Closed Bug 1447585 Opened 7 years ago Closed 7 years ago

Migrate off Docker Cloud by May 21, 2018

Categories

(Taskcluster :: Operations and Service Requests, task)

task
Not set
normal

Tracking

(Not tracked)

RESOLVED FIXED

People

(Reporter: bstack, Assigned: bstack)

References

Details

"Cluster Management in Docker Cloud will be discontinued on May 21" That gives us 2 months to migrate everything off of their platform. The current plan is to terraform up some instances in our aws account and run the containers directly on them using coreOS which we can copy from what jonas did in [0]. We'll also need to figure out some dns updates and such. [0] https://github.com/taskcluster/taskcluster-infrastructure/blob/master/modules/taskcluster-worker-packet/machines.tf
Our initial plan here was to basically copy [0] for each of our services. I got that to work today but now I realize that we have a fatal flaw here. This setup does not allow us to update the version of the service running without booting an entirely new instance plus is not very HA etc. Options I see: 1) Come up with a little systemd service that restarts this service with newest version of container every so often. (I do not like this) 2. We already need to get used to running kubernetes for real and that would allow us to run these services HA etc. (better! just a bit more complex) 3. ??? (your idea here) I think a lot of the reason we didn't go with k8s in the first place is that we thought we would need to run multiple clusters to get things in different regions but really when I look at docker cloud nodes that we're running, I don't think we _need_ to run anywhere other than us-west-2 (which is a required place to run because of cloud-mirror). We could run one cluster in us-west-2 and put all of our docker-cloud services there. Your thoughts? Please feel free to ask for opinions from others in your timezones if you think they would be interested as well. I don't want to go full RFC on this just because we should get this done asap and move on. [0] https://github.com/taskcluster/taskcluster-infrastructure/blob/master/modules/taskcluster-worker-packet/machines.tf
Flags: needinfo?(jopsen)
Flags: needinfo?(dustin)
Another option is maybe aws container service or whatever it is called? Also any of the options in docker's migration guide [1]. Also NI from john since cloud mirror is the most important service here. [1] https://docs.docker.com/docker-cloud/migration/
Flags: needinfo?(jhford)
Only one of these four services is destined for actual redeployment, so I don't think we need to figure out how to build them using tc-installer.

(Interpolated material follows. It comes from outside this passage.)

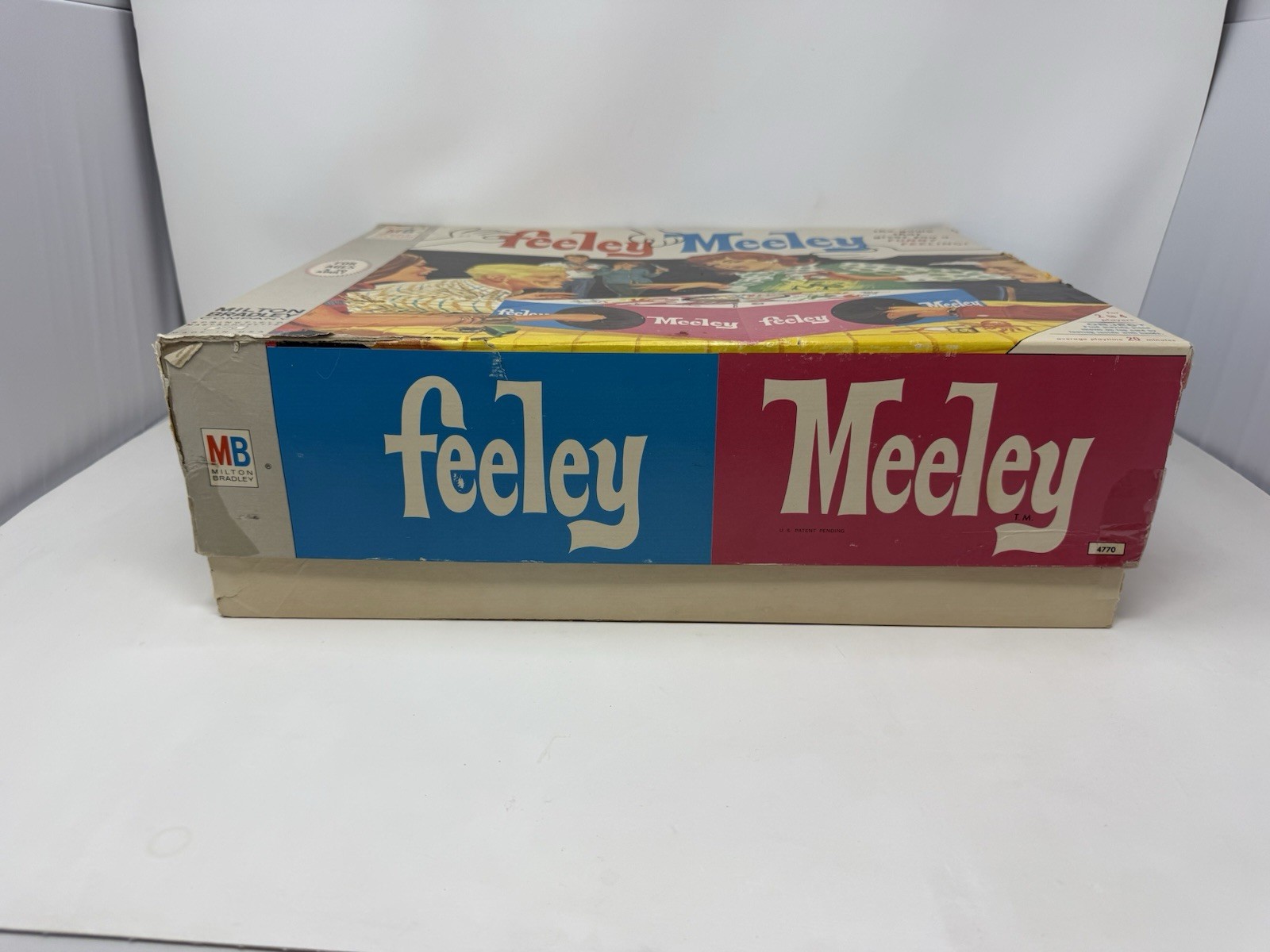 Milton Bradley Feeley Meeley 1967 Vintage Game W/ 18 Original Objects & 24 Cards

So, standing up a k8s cluster just for this seems pretty reasonable. Under the hood, that's basically what docker cloud was doing. If we don't plan to allow that cluster, or at least that configuration, to later morph into a "taskcluster instance", then I think we're free to make mistakes and misdesigns without causing our future selves pain. Even if that meant running a k8s cluster in every region, that wouldn't be awful (but it sounds like it doesn't).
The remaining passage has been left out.